Linear scalability. What does “linear” mean? Linear means that if you have a cluster and you add servers to it, then performance should increase, because the number of servers has increased. But if you take some more typical system that doesn’t scale well enough, you can easily find out that you are adding a server, and then you make a request at once for the entire cluster and the performance will not increase. Go

You are lucky if it is the same, but in most cases it will also fall over time. This does not suit us.

Initially, we designed the system with a focus on fast execution of requests, because, as I said, this is our main feature. From the point of view of system design, from the very beginning it was clear that this should be a Column-oriented - column solution. Only a rolling solution is capable of realizing everything that we need, covering all our needs.

And we started to create, started to prototype. In 2009 , we had a prototype that did some simple things.

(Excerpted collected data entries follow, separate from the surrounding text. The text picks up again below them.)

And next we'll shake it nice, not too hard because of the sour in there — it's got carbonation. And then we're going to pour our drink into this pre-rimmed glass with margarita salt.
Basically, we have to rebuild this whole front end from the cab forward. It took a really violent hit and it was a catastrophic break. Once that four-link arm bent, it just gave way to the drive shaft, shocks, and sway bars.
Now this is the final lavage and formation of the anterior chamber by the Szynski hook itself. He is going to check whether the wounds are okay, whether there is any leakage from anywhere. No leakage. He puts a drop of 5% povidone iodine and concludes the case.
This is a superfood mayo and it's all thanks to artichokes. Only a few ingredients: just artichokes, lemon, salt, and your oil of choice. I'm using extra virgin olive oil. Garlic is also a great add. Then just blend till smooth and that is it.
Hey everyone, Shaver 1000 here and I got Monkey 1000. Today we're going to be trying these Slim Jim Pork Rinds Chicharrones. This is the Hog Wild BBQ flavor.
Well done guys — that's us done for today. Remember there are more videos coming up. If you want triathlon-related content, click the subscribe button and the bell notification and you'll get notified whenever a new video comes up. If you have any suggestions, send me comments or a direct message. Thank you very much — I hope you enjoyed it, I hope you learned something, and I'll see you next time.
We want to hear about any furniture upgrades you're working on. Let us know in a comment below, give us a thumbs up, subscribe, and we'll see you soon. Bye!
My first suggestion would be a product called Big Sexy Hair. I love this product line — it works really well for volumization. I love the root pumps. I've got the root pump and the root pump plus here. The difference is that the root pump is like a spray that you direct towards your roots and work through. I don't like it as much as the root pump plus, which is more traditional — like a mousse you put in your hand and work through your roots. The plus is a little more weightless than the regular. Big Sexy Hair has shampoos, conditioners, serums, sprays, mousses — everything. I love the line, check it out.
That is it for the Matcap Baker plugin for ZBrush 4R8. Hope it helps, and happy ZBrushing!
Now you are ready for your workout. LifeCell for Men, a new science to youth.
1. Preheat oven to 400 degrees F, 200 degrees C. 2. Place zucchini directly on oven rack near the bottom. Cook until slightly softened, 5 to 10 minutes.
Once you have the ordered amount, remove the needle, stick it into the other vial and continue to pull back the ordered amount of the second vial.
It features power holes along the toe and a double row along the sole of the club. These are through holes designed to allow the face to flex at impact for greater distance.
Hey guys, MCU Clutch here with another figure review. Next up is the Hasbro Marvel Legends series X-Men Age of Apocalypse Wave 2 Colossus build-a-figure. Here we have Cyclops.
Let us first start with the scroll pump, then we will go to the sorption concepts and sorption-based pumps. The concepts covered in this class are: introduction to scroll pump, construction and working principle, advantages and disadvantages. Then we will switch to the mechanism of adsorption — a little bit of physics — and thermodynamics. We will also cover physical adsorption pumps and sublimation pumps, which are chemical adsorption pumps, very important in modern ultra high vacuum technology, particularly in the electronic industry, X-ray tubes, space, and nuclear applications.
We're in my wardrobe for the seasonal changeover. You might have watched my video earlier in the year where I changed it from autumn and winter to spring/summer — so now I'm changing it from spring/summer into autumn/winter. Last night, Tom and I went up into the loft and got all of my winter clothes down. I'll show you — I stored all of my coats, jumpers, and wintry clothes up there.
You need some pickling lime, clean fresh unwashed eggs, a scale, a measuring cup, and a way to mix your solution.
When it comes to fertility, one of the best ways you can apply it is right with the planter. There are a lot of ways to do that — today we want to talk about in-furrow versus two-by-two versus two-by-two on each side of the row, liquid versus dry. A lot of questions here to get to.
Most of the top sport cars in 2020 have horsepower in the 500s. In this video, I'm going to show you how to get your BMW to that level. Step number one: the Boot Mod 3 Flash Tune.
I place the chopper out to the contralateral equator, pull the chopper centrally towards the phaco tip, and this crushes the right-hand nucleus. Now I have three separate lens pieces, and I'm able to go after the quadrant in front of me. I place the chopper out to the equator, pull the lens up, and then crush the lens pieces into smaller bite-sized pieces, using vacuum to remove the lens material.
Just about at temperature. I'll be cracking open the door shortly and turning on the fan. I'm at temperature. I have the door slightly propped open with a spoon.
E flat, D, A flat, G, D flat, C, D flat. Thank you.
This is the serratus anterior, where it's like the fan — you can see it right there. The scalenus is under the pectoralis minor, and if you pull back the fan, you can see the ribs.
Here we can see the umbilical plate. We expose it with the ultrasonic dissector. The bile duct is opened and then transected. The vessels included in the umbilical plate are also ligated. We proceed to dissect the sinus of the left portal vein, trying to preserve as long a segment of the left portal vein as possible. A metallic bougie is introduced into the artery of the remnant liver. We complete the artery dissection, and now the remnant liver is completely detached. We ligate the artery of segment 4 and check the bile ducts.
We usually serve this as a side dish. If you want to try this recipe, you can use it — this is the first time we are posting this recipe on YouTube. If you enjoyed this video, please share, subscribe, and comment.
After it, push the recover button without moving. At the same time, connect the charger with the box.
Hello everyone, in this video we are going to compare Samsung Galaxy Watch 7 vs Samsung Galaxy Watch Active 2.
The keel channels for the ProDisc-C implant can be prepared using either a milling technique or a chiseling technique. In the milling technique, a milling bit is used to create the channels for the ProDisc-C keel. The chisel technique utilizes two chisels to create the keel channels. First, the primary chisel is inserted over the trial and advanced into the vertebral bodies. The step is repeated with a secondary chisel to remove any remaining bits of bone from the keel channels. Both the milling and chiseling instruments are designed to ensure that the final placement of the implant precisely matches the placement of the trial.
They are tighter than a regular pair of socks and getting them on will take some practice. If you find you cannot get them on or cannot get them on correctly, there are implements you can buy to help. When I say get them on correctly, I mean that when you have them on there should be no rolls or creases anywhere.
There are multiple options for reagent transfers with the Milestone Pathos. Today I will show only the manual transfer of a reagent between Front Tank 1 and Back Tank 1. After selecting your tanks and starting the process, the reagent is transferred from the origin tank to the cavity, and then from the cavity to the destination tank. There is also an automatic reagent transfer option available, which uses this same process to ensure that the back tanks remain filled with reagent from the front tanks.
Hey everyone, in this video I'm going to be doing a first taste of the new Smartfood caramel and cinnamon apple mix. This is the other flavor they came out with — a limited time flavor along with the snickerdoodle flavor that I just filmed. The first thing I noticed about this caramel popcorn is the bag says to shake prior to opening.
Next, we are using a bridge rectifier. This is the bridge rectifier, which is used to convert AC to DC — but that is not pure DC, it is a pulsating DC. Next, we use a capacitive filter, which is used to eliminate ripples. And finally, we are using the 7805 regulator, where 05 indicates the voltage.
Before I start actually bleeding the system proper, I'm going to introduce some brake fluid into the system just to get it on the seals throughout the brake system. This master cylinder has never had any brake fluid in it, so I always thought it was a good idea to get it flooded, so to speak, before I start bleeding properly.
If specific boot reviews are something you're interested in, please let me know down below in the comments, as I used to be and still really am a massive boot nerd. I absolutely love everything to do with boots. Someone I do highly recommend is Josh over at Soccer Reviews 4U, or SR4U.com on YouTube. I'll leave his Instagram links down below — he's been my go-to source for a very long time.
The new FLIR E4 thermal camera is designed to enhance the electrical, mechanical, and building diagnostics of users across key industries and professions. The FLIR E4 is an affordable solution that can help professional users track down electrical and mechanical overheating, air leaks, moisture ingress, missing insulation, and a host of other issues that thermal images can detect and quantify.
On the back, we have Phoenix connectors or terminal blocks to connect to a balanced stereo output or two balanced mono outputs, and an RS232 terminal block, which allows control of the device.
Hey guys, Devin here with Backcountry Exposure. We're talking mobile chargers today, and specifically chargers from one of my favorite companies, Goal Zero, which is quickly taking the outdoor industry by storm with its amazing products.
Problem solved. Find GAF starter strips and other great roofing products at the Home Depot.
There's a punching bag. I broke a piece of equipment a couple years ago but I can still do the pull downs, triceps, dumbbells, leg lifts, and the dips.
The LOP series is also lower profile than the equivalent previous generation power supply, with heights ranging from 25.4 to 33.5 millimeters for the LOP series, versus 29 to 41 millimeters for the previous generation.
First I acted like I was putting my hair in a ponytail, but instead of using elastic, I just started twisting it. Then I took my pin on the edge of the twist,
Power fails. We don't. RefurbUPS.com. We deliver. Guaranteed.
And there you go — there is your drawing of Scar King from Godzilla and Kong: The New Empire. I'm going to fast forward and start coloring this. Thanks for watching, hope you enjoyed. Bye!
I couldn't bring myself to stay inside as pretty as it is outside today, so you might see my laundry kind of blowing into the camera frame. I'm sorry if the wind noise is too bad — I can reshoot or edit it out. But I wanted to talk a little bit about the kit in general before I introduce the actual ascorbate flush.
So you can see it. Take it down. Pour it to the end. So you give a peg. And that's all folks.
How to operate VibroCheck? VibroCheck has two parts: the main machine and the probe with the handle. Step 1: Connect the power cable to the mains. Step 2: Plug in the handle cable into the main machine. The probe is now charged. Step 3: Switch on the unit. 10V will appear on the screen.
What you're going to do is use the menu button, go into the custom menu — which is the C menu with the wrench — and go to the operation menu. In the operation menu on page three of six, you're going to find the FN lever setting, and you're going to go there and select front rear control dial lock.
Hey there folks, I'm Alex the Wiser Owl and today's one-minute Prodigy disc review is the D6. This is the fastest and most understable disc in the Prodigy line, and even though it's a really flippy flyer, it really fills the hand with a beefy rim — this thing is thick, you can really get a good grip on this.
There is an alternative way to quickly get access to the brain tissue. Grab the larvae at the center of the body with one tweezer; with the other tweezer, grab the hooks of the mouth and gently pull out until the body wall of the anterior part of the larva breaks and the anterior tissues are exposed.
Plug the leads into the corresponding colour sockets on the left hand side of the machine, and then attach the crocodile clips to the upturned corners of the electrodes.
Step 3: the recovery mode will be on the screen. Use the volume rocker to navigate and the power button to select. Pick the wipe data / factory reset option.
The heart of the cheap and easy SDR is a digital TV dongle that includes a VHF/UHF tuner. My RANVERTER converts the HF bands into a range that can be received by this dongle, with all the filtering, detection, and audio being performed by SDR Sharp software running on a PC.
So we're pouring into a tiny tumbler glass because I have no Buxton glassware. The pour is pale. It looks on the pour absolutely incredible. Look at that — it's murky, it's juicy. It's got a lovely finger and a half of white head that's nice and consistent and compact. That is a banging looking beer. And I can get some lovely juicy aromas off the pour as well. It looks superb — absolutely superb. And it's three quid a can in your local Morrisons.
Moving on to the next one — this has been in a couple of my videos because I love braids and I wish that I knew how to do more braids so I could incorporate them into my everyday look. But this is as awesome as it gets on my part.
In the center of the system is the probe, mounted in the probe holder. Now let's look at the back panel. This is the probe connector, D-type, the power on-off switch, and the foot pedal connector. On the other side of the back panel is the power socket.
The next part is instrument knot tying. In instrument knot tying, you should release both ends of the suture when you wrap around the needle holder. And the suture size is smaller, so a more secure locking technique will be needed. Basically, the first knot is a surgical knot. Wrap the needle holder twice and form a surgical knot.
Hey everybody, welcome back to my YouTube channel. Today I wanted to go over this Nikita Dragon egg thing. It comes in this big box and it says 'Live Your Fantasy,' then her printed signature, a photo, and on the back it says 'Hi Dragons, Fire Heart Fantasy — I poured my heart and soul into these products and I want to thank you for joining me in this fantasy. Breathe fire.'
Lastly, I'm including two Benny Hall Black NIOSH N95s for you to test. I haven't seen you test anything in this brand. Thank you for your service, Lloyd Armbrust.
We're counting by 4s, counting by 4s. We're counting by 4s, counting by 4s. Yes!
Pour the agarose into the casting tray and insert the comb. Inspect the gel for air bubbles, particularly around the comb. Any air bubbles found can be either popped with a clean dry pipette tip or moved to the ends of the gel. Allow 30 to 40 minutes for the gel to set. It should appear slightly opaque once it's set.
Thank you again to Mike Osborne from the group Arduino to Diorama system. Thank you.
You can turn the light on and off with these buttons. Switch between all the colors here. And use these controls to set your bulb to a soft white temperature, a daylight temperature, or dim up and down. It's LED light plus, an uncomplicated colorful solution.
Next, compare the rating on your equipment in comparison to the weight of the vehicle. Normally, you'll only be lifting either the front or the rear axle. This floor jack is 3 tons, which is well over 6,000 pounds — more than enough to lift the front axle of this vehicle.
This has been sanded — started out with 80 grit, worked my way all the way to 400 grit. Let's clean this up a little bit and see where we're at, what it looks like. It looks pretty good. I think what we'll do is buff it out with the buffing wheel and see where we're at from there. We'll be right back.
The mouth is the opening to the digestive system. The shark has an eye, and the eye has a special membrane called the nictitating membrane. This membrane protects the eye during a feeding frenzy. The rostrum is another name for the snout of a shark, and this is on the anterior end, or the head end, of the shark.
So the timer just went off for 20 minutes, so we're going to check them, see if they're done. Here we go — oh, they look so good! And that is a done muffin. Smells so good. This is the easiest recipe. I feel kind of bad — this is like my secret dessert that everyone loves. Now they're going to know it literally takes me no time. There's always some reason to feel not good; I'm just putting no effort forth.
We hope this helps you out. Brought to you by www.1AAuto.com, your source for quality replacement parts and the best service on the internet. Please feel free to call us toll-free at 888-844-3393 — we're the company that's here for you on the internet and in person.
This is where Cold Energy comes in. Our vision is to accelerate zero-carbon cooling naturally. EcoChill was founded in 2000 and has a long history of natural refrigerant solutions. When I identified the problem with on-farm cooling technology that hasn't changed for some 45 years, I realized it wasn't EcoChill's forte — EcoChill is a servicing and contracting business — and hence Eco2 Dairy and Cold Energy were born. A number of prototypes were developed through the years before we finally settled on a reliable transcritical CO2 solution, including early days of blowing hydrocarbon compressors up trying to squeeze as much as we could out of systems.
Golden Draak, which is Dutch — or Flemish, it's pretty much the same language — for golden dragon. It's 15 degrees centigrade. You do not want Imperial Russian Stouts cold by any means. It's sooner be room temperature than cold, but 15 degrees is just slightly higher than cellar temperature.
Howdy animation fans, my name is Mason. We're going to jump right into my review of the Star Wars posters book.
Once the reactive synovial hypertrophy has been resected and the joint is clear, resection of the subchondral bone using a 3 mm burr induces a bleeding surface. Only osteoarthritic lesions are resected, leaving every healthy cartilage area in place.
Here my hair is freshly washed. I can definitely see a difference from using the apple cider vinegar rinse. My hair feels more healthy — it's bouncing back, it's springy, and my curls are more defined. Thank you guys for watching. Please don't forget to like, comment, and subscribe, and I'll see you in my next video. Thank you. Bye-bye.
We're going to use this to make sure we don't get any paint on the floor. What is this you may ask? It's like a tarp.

In 2012 , we began to transfer parts of our production to ClickHouse. Production elements appeared that started working on top of ClickHouse.

In 2014 , we realized that ClickHouse has grown to a state where you can create a new generation product. Metrica 2.0 on top of ClickHouse, and we started copying the data.

This is a very nontrivial process, if someone tried to copy two petabytes from one place to another, it is not very easy - it cannot be done on a flash drive.

In December 2014 , we launched a new “Metric” on top of ClickHouse - it was a direct breakthrough, segmentation, a bunch of features, and it all worked on top of this base.

A few months ago , in June, we posted ClickHouse in Open Source. We realized that there is a niche and everything is still on the market. I had a website about “nothing on the market”, now we are still close to this situation, little has changed. There are not many good solutions for this task on the market. We realized that we were on time - we can now put in Open Source and bring a lot of benefit to people. Many tasks are now very poorly solved, but ClickHouse solves them very well.

It somehow happened by an explosion. Of course, we expected some great effect from the fact that we laid out Open Source. But what happened exceeded all our expectations. Before that, we had many Yandex projects that were implemented at ClickHouse, but right now, when we posted, we started writing about us everywhere.

Where about us just did not write: on HackerNews, on all specialized publications. A lot of large companies began to ask us, a bunch of smaller companies, about new solutions. Someone has already tried to do, and right now the status is such that ClickHouse uses, I can say - more than a hundred different companies outside of Yandex. Either at the stage of ready-made prototypes, or already in production. There are companies that use ClickHouse right in production and build pieces of their services on top of ClickHouse.



We received 1500 stars on GitHub - but this is an outdated slide, now there are 1800 of them. The metric is so-so, but just in case I can say for comparison that Hadoop has 2500 stars. You see, level. We will soon overtake Hadoop, I think and then there will be something to talk about.

Indeed, there are a lot of activities happening now. We are starting to arrange all sorts of mitaps and we will arrange them, so come and ask.

What are the possibilities

What am I talking about?

Linear scalability is a very important advantage of ClickHouse compared to similar solutions. Out of the box, ClickHouse can scale linearly and you can build a very large cluster and everything will work well. For example, because it works very well with us. Petabytes of data - building a petabyte cluster on ClickHouse is not a problem. Out of the box, cross-datacenter works, for this you don’t need to do anything and he initially thought of as a cross-datacenter solution. In our “Yandex” we mainly use such clusters.

High availability means that your data, and in general a cluster, both for reading and writing, will always be available. In this sense, ClickHouse is such a constructor - you can build a cluster with any guarantees you need. If you want to withstand a datacenter drop, you typically set up a cluster in the three datacenters with a replication factor of x2. If you want to build a solution - a cluster that withstands the fall of a data center and a single node, this usually means that you need to take the x3 replication factor and build on the basis of at least three data centers. This is a fairly flexible system, you can build any guarantee if you know how.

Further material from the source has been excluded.